3 Aralık 2014 Çarşamba

Siyaset yapın "Ali Cengiz Oyunu" değil.

Türkiye seçim sathı mahalline girdi. 2015 Haziran'da gerçekleşecek genel seçimlerin önemi büyük ancak maalesef yine iktidar partisi ve ondan beklentiler bu önemi oluşturuyor. Muhalefete baktığımızda ise uzun zamandır olduğu gibi ne bir umut ne de bir siyaset yapma çabası var.
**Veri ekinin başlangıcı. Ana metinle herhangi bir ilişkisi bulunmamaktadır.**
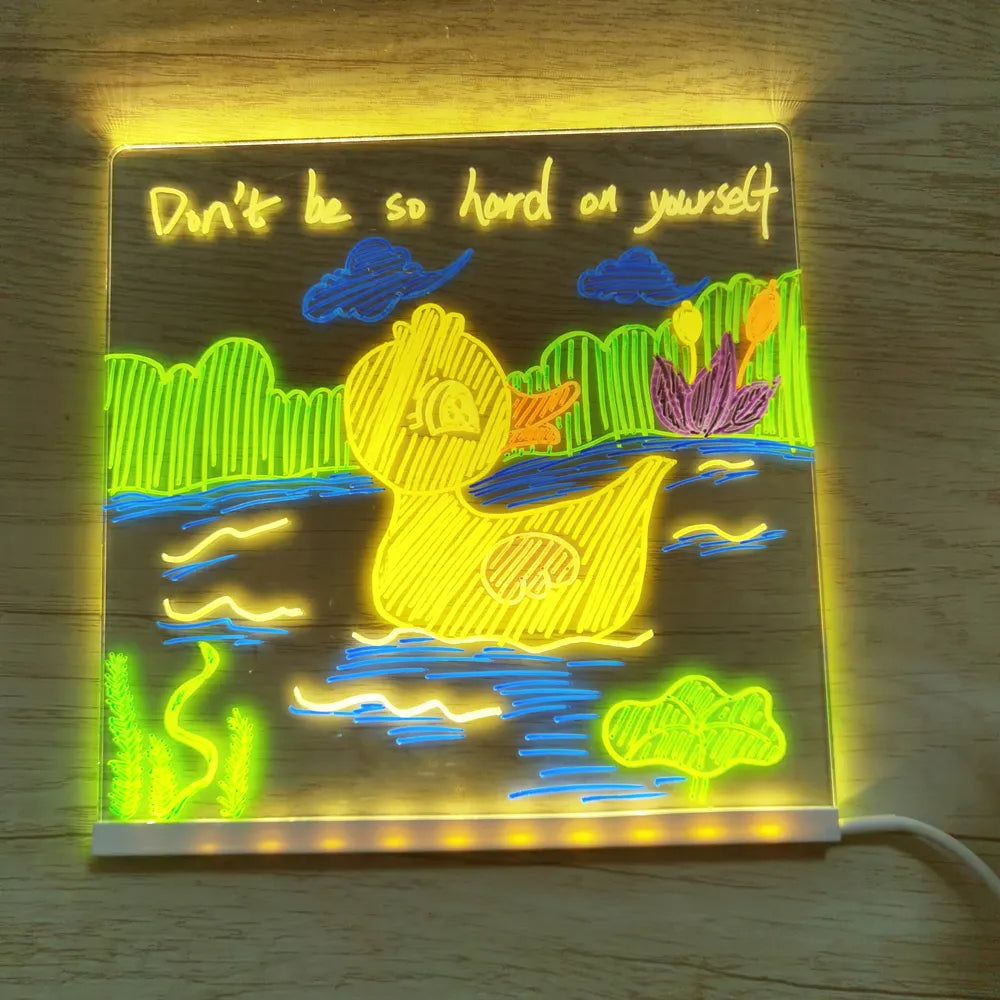 Perfect cadeau voor kinderen: creatief LED tekenbord met notitiefunctie, leuk voor het hele gezin.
Normal bir ülkede yapılacak seçimleri önemli kılanın muhalefet olması beklenir zira iktidarın hele ki 12 yıldır görevde olan bir iktidarın yaşadığı yıpranma ve iktidarda olmanın oluşturacağı rehavet ile yaptığı ve yapacağı yanlışlar muhalefete bir alan açar. Fakat bizim ülkemizde neredeyse bunun tam tersi oluyor ki buradan halen daha normal bir ülke olmadığımızı anlamamız icap ediyor. Nedir normal olmayan ülke? İnsan hakları ve demokrasinin asgari standartlarını içselleştirememiş, en azından kurumsal manada bu zemini oluşturamamış her ülke günümüz dünya siyasetinde normali yakalayamamış demektir. Esasen "Yeni Türkiye" söylemi üzerinden oluşturulan havanın da gerçekçiliği bu bağlamda sorgulanmaya açık hale gelmektedir.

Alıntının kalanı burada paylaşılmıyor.